• **What you should do**
The answer should be a faithful retyping of the records that follow, pictures excluded.
+===+
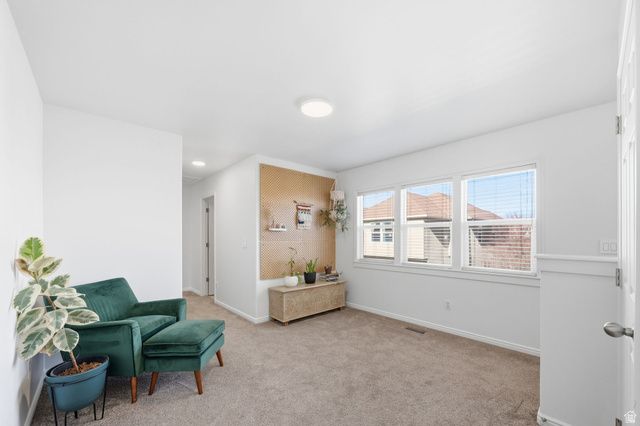 11746 S SUN TEA WAY, South Jordan, UT 84009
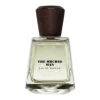 The Orchid Man E.d.P. Nat. Spray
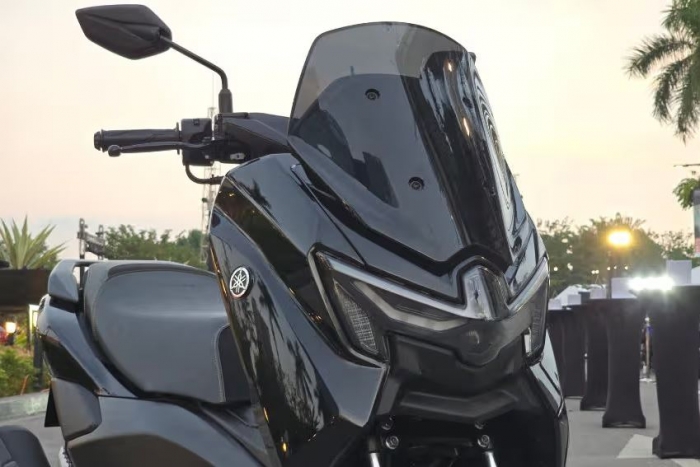 Yamaha-Nmax-155-2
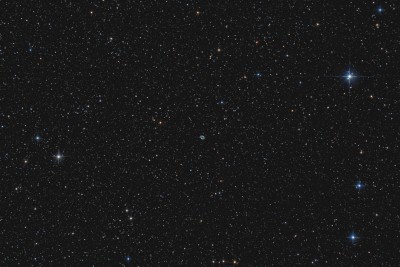 Фотокаталог Мессье от участников Форума. 28 Декабрь 2017 15:17 третье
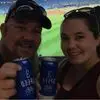 Douglas Darel - @douglas.darel - TikTok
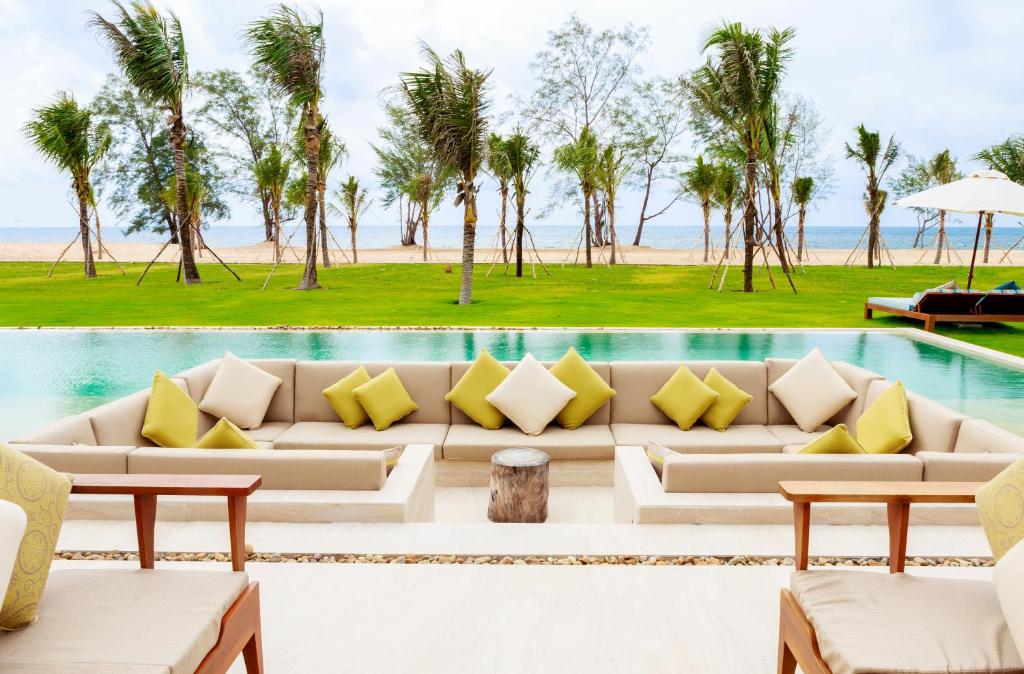 fusion resort phu quoc 19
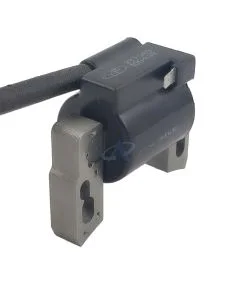 Ηλεκτρονική για BRIGGS &amp; STRATTON DOV Σειρές Μηχανών [#797040, #592445]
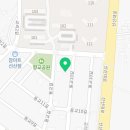 동교10길-1 이미지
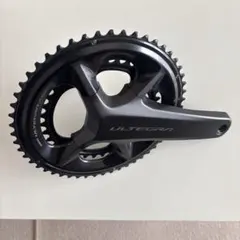 2026年最新】r8100 クランク 165の人気アイテム - メルカリ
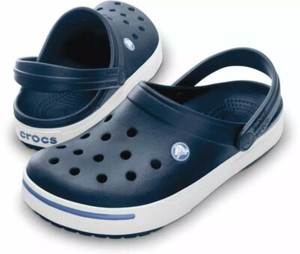 crocs w10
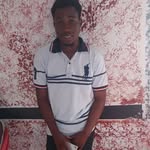Abu Michael - @mickyfresh112 - Instagram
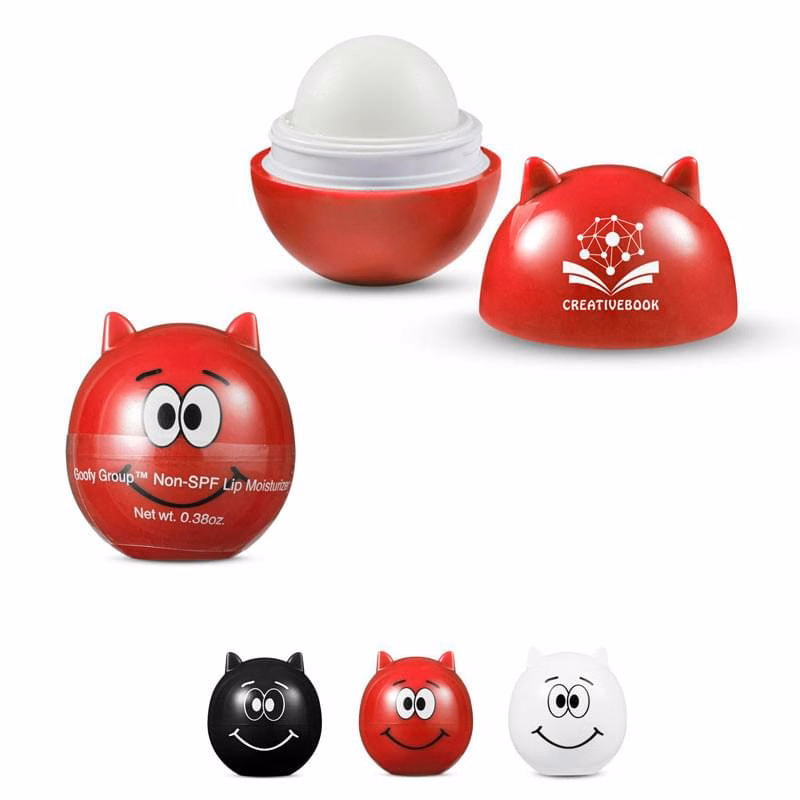 Goofy Group™ Lip Moisturizer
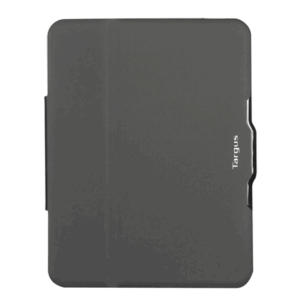 Targus THZ953GL | VersaVu Clear Case | Fits up to size 10.9-11 " | Tablet case | Clear - Image 3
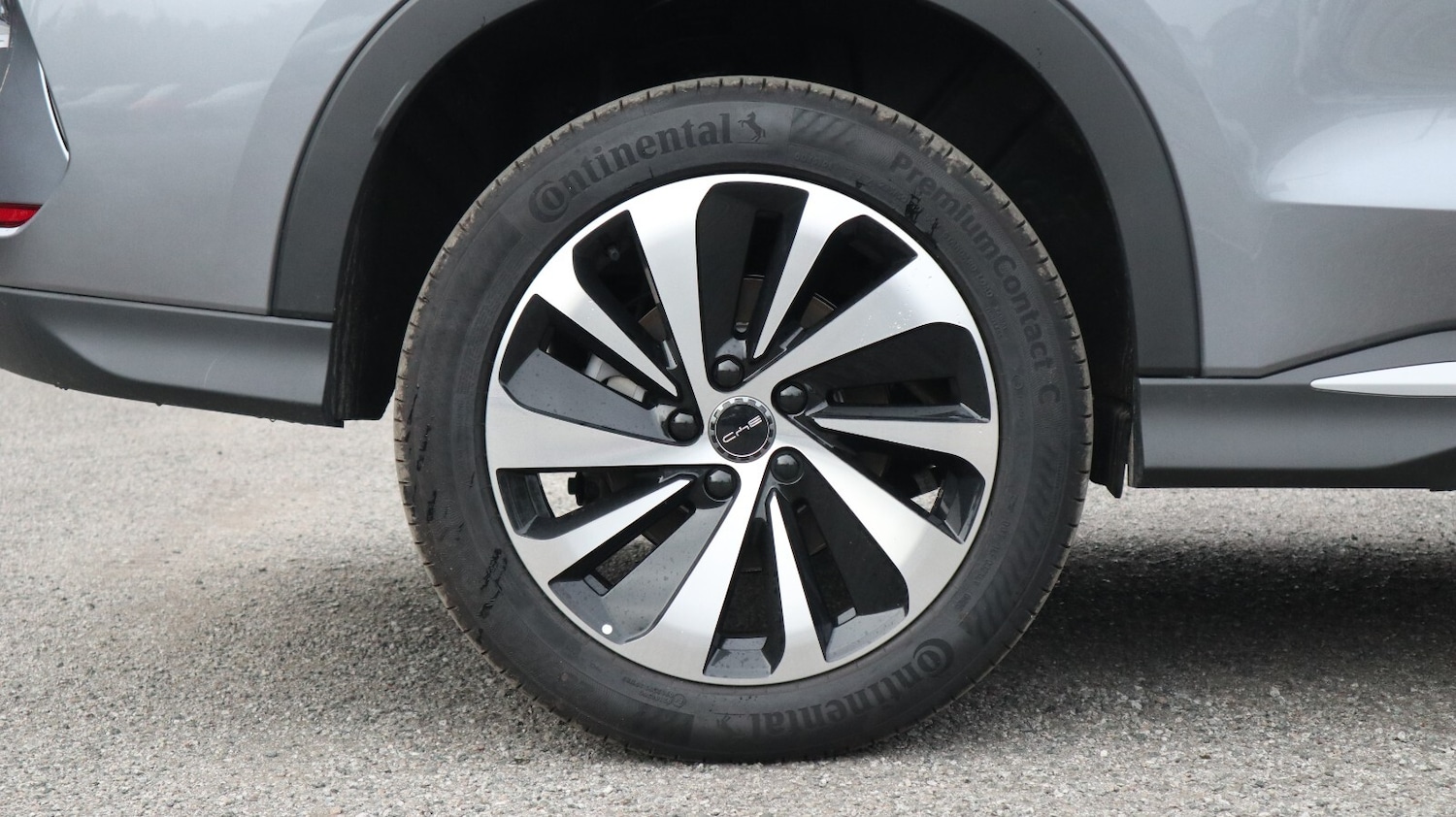 Used BYD Seal U 2025 for sale - 76818253: Photo 15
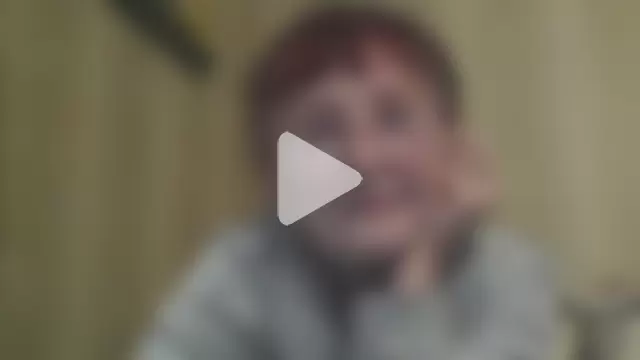 TanyaSweet634 photo 21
+===+
• **Task answer**
 11746 S SUN TEA WAY, South Jordan, UT 84009
 The Orchid Man E.d.P. Nat. Spray
 Yamaha-Nmax-155-2
 Фотокаталог Мессье от участников Форума. 28 Декабрь 2017 15:17 третье
 Douglas Darel - @douglas.darel - TikTok
 fusion resort phu quoc 19
 Ηλεκτρονική για BRIGGS &amp; STRATTON DOV Σειρές Μηχανών [#797040, #592445]
 동교10길-1 이미지
 2026年最新】r8100 クランク 165の人気アイテム - メルカリ
 crocs w10
Abu Michael - @mickyfresh112 - Instagram
 Goofy Group™ Lip Moisturizer
 Targus THZ953GL | VersaVu Clear Case | Fits up to size 10.9-11 " | Tablet case | Clear - Image 3
 Used BYD Seal U 2025 for sale - 76818253: Photo 15
 TanyaSweet634 photo 21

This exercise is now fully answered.